In normal individuals, eosinophils make up about 1–3% of white blood cells, and are about 12–17 micrometres in size with bilobed nuclei. While they are released into the bloodstream as neutrophils are, eosinophils reside in tissue. They are found in the medulla and the junction between the cortex and medulla of the thymus, and, in the lower gastrointestinal tract, ovary, uterus, spleen, and lymph nodes, but not in the lung, skin, esophagus, or some other internal organs[vague] under normal conditions. The presence of eosinophils in these latter organs is associated with disease. For instance, patients with eosinophilic asthma have high levels of eosinophils that lead to inflammation and tissue damage, making it more difficult for patients to breathe. Eosinophils persist in the circulation for 8–12 hours, and can survive in tissue for an additional 8–12 days in the absence of stimulation. Pioneering work in the 1980s elucidated that eosinophils were unique granulocytes, having the capacity to survive for extended periods of time after their maturation as demonstrated by ex-vivo culture experiments.
TH2 and ILC2 cells both express the transcription factor GATA-3 which promotes the production of TH2 cytokines, including the interleukins (ILs).IL-5 controls the development of eosinophils in the bone marrow, as they differentiate from myeloid precursor cells.
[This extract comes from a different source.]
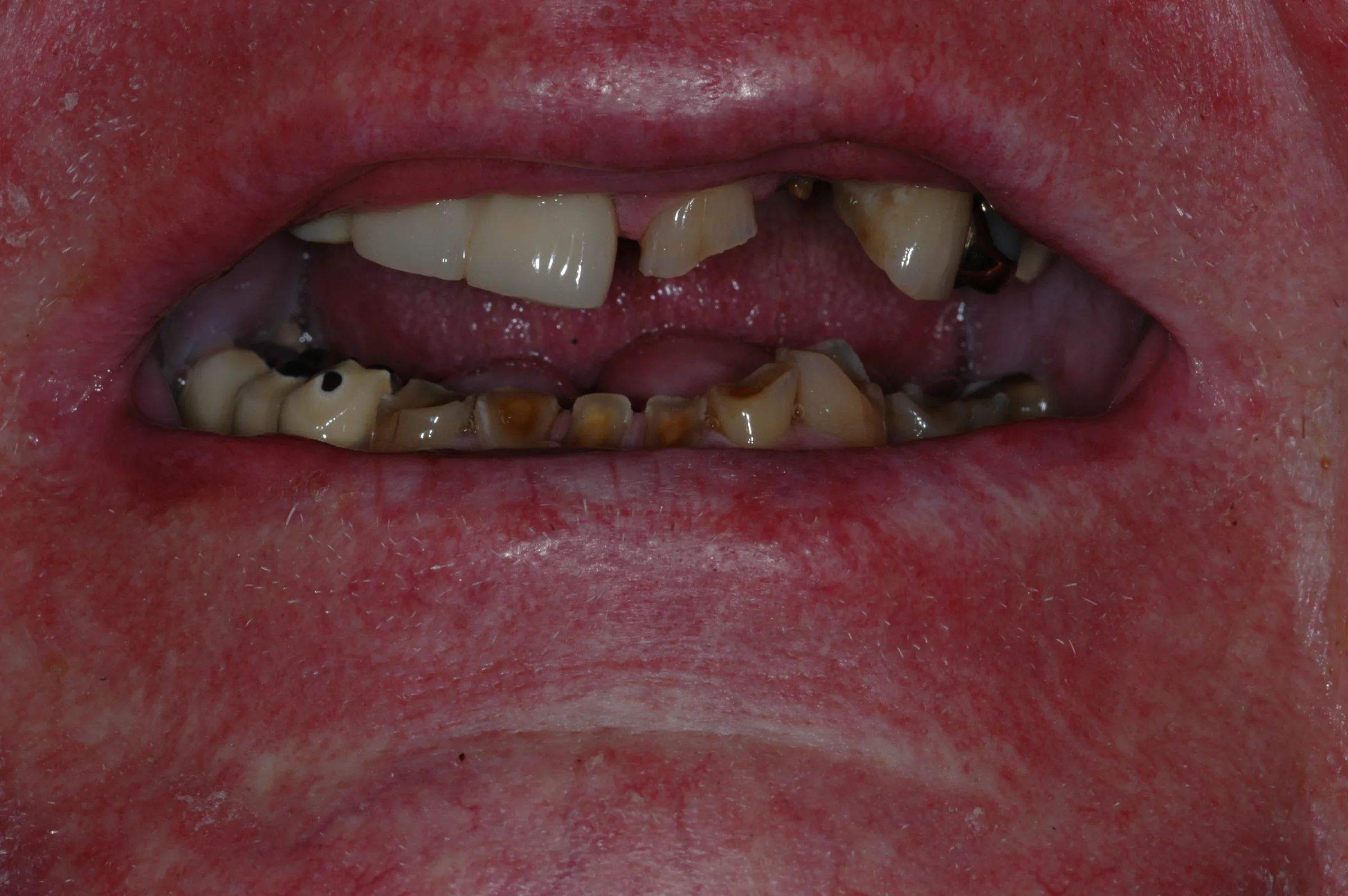 Before — Full Mouth Reconstruction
Their lineage fate is determined by transcription factors, including GATA and C/EBP. Eosinophils produce and store many secondary granule proteins prior to their exit from the bone marrow. After maturation, eosinophils circulate in blood and migrate to inflammatory sites in tissues, or to sites of helminth infection in response to chemokines like CCL11 (eotaxin-1), CCL24 (eotaxin-2), CCL5 (RANTES), 5-hydroxyicosatetraenoic acid and 5-oxo-eicosatetraenoic acid, and certain leukotrienes like leukotriene B4 (LTB4) and MCP1/4. Interleukin-13, another TH2 cytokine, primes eosinophilic exit from the bone marrow by lining vessel walls with adhesion molecules such as VCAM-1 and ICAM-1.
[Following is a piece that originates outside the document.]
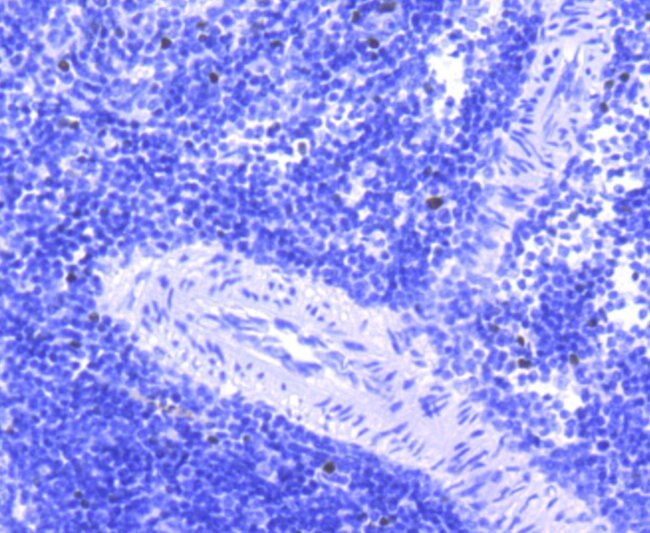 FosB Antibody in Immunohistochemistry (Paraffin) (IHC (P))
When eosinophils are activated, they undergo cytolysis, where the breaking of the cell releases eosinophilic granules found in extracellular DNA traps. High concentrations of these DNA traps are known to cause cellular damage, as the granules they contain are responsible for the ligand-induced secretion of eosinophilic toxins which cause structural damage. There is evidence to suggest that eosinophil granule protein expression is regulated by the non-coding RNA EGOT.